Data records Block Start

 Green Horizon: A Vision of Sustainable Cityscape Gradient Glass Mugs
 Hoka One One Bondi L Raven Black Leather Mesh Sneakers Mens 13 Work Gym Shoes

Data records Block End
Data records Block Start

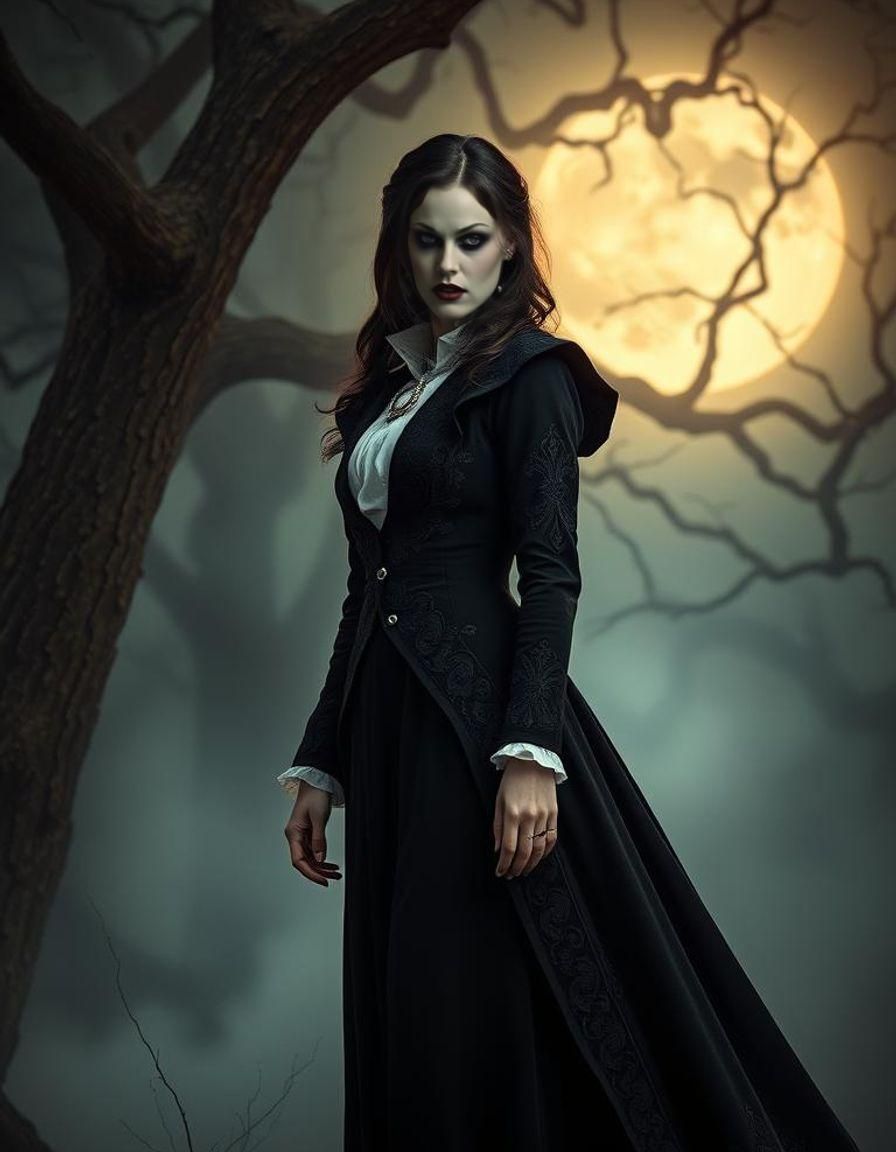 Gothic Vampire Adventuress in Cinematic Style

Data records Block End

- **Description of the task**: Print only what lies in the material above starting at the line with "Green Horizon: A" and ending at the line with "Hoka One One", every line exactly as given.

- **Task output**:
 Green Horizon: A Vision of Sustainable Cityscape Gradient Glass Mugs
 Hoka One One Bondi L Raven Black Leather Mesh Sneakers Mens 13 Work Gym Shoes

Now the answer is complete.